IMPACT Report Validates Steels Long-Term Future as Material of Choice for Vehicles

DETROIT, MI, March 21, 2001 - A report on Phase I of the IMPACT program, a collaborative effort among industry, government and academia to develop robust, lightweight, dual-use trucks, confirms that substantial weight reductions are possible with higher-strength, low cost steels and optimized design. The report concludes "there is no reason to believe that 25 percent weight reduction represents an upper bound on the long-term weight reductions possible in a steel-based vehicle."

Conversely, the report stated that "there is no reason to believe that aluminum has unique weight reducing properties when used in automobiles and trucks…(and that) the substantially lower variable cost of steel vs. aluminum makes steel the superior choice for high volume production applications."

"Advanced Material Technologies for 21st Century Trucks" (SAE paper #2000-01-3124), authored by representatives of Ford Motor Co., the U.S. Army, Mississippi State University, University of Louisville and a consulting firm, and delivered to the Society of Automotive Engineers (SAE) International Truck & Bus Meeting and Exposition in December 2000, reports on the initial phase of IMPACT (Improved Materials & Powertrain Architectures for 21st Century Trucks).

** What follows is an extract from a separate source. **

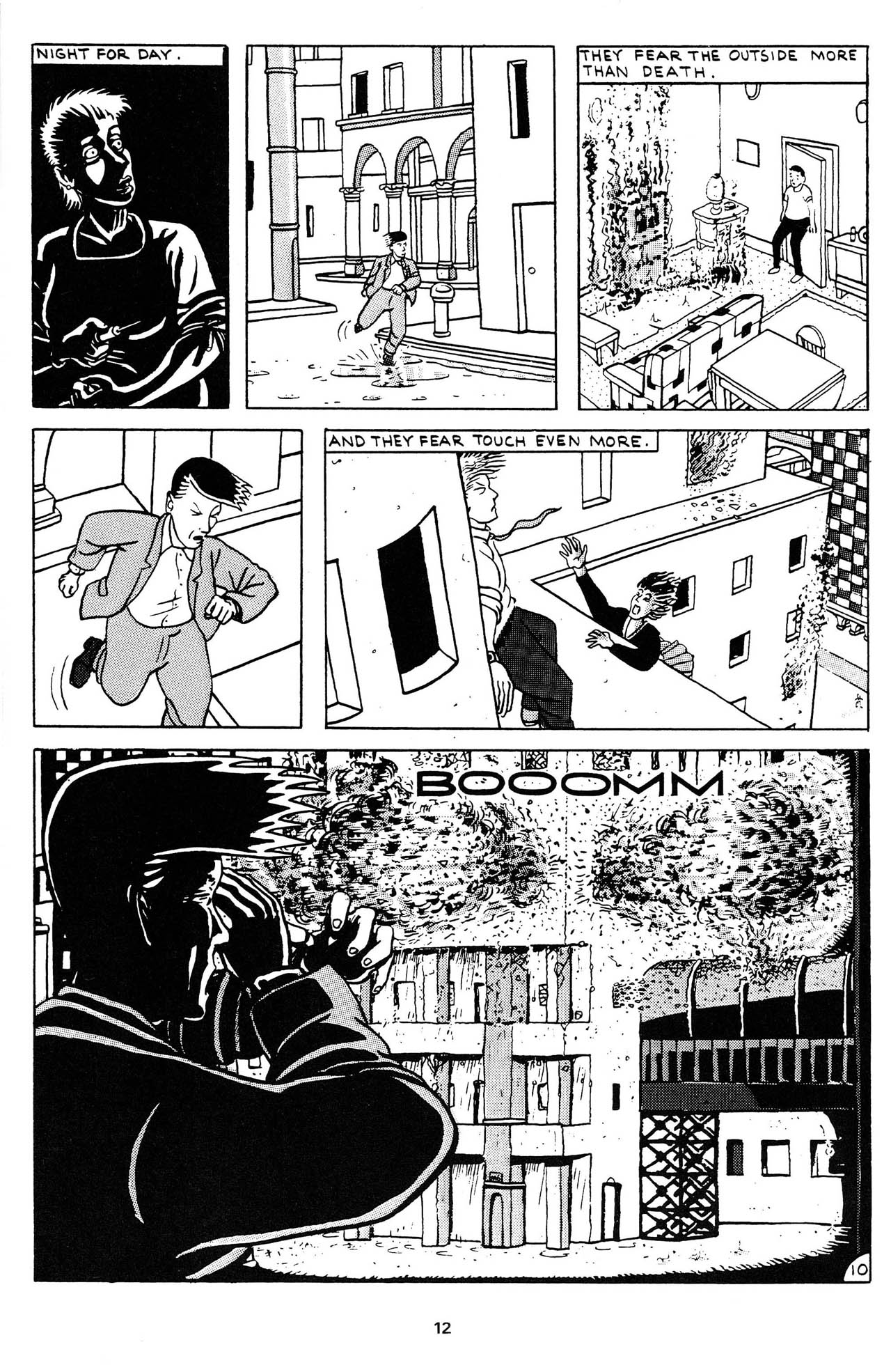 Read online Second City comic -  Issue #1 - 12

Phase 1 of the three-phase program validated that cost-effective weight reductions of up to 25 percent are possible using steel "because steel offers the most structural benefit per unit cost," according to the paper. The paper cited "breakthrough material technologies and improved manufacturing processes for steel (that have) demonstrated and validated that strategically removing unneeded mass results in lighter steel components."

Additionally, the paper stated that it is possible to further enhance "desired steel properties needed for vehicle stiffness, strength, impact resistance and crashworthiness."

Phase I, which began in September 1999, comprised defining underlying structural theory for selecting proper materials to reduce vehicle weight in the most efficient, cost effective manner.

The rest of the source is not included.